This is the bloom of a birthday girl rose, printed and overlaid with a handwritten beautiful quote I came across the other day. Roses as people, when I started to think about the concept, it seemed that plants as people or reminders of people was apt for my garden.
The rose in this image was a birthday present from my oldest friend. It blooms without fail in June around my birthday. I sit under a muscat grapevine in the summer that what bought for me by my neighbour of 20 years, June.
The twisted willow that now has a treehouse wrapped around it always reminds me of my florist friend who made my wedding bouquet incorporating clippings from it.
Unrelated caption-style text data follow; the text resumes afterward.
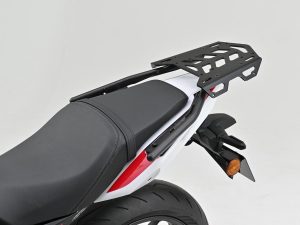 【新製品】Daytona「多功能貨架」登場｜Honda CB400SF（’26）專用×A5052鋁合金頂板×黑色鋼材配件×最大載重5公斤×GIVI Monolock箱架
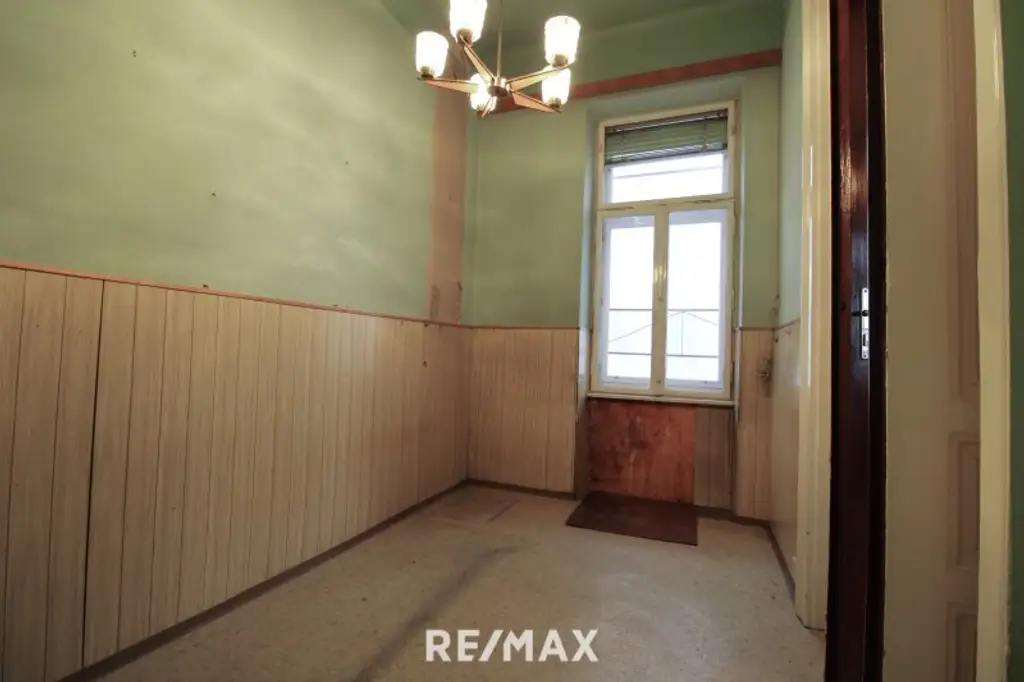 Altbau mit Potenzial im Herzen von Neubau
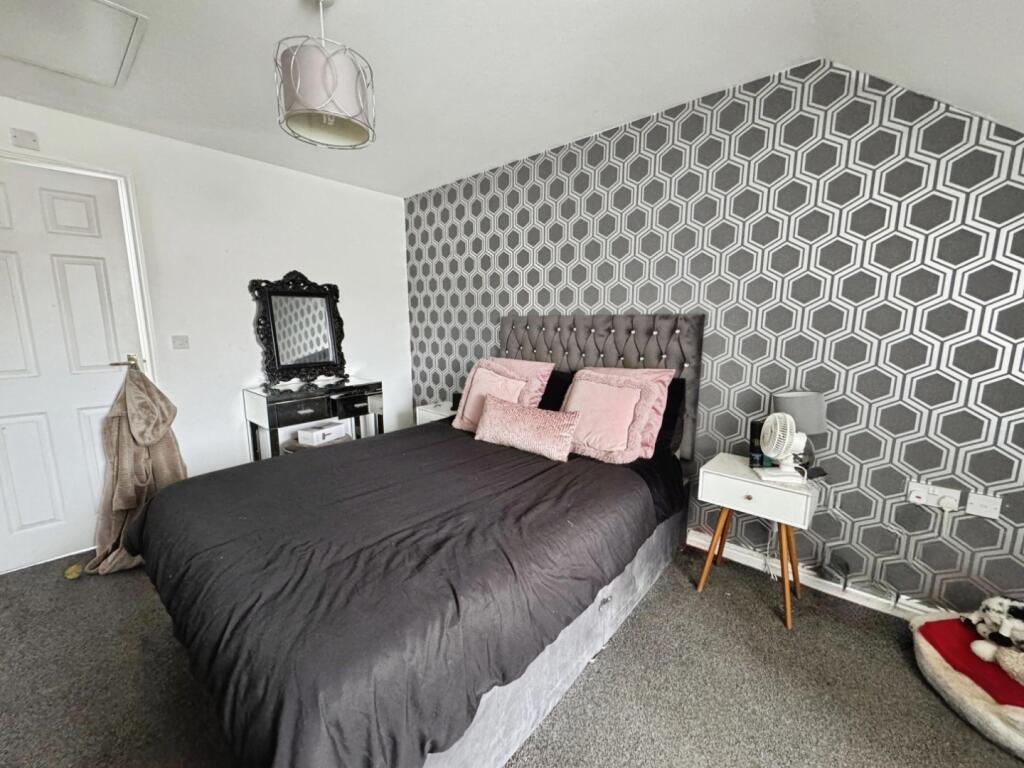 pbox-bedroom-335131.jpg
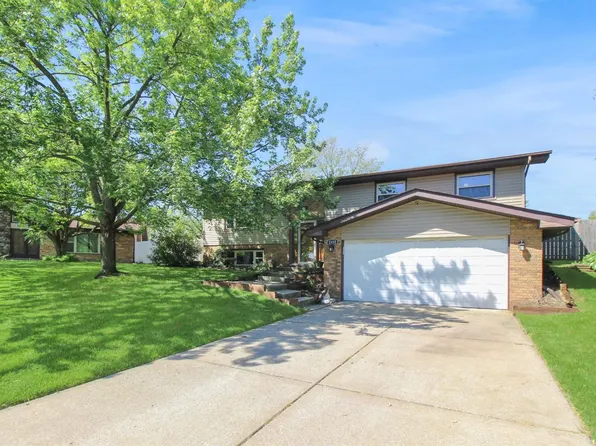 2332 Flint Ct, Dyer, IN 46311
The only hostas I dare have in my garden, as I find it too sad when they are just too tempting for slugs and snails were given to me by a friend who moved away a couple of years ago. Each year when they spring anew, verdant and fresh, they remind me of her optimism, and mine, in that they may just survive the summer intact.
A montana clematis that each year looks dead to the world climbs along the trellis at the side of the house, brings to mind my neighbour, Sue, who gave me this clipping from her own, after I had told her how beautiful hers looked.
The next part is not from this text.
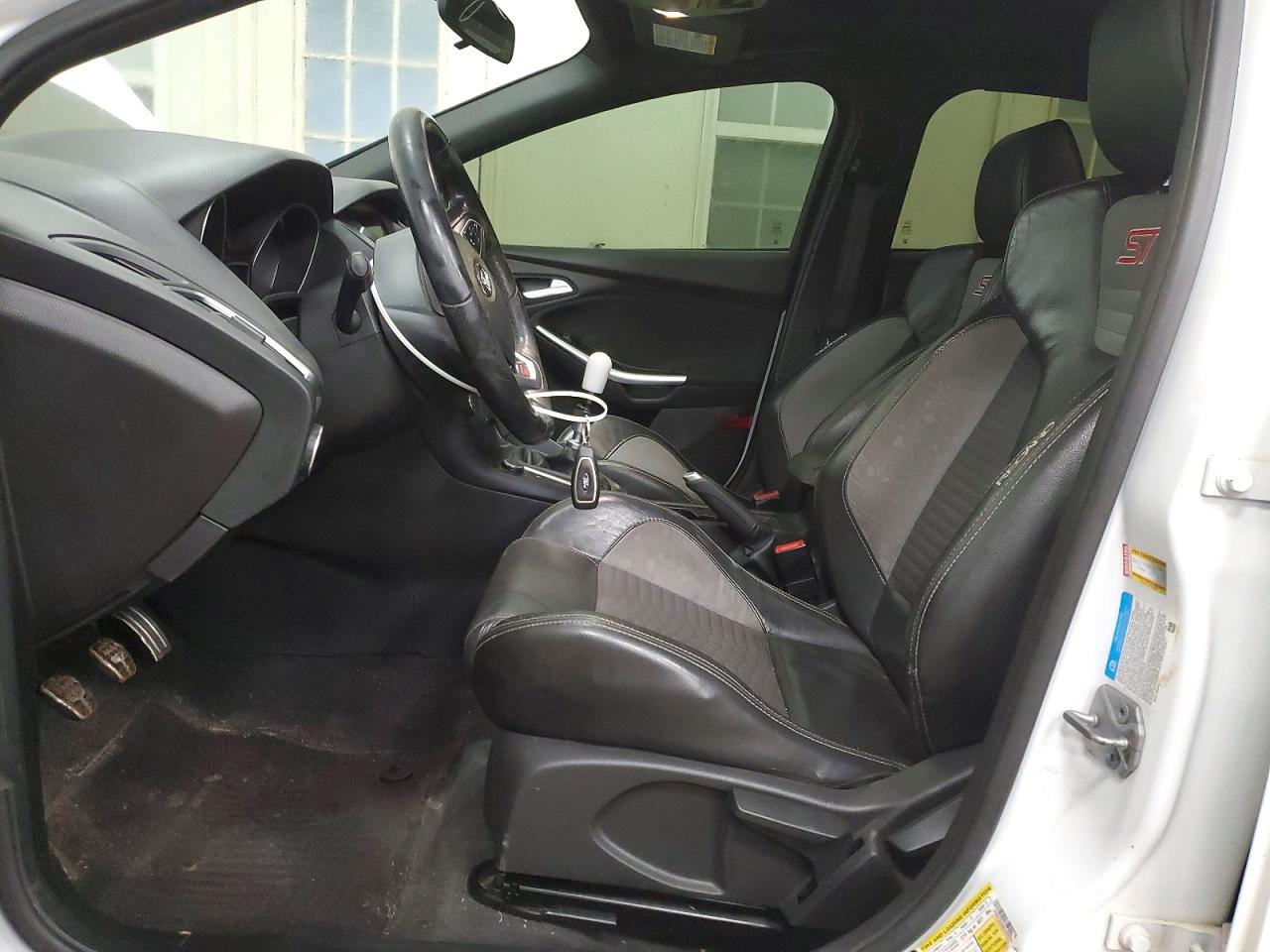 2017 FORD FOCUS ST photo 7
A fresh and limey green hop grows from a cutting from my mother-in-law’s garden, as does a flowering currant, two of the few cuttings I’ve ever managed to successfully keep alive!
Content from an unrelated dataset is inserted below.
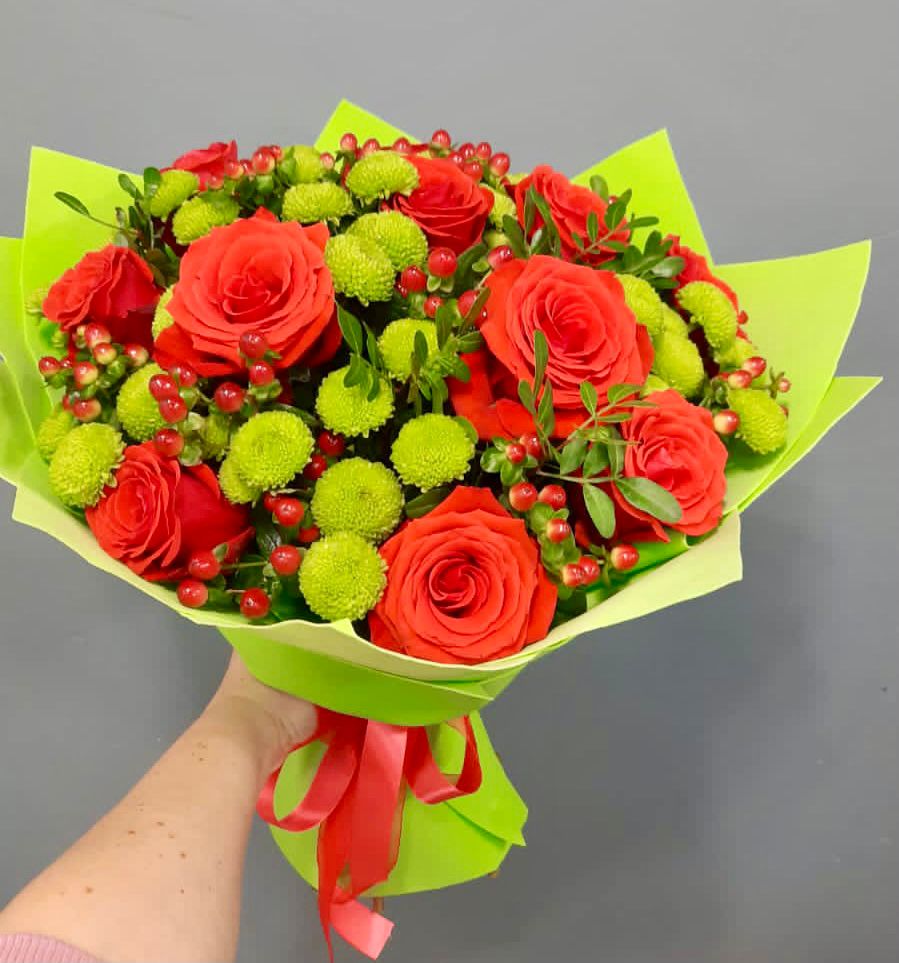 Букет цветов из: Хризантемы и Розы в Алексеевском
I have a Queen Elizabeth rose in the front garden, planted in 1953 when the house was built to mark the Queen’s coronation, it blooms and blooms and blooms. It was planted by the first owner of this house, Ena, and has long survived her.
The mizuna salad currently growing in one of my gutter gardens makes me think of the damp and cold November early-morning when my son was eager to sow seeds. One look at the spiky salad leaves now growing reminds me of his boundless enthusiasm.
And then, of course, there’s me, as each garden is in its own way an autobiography.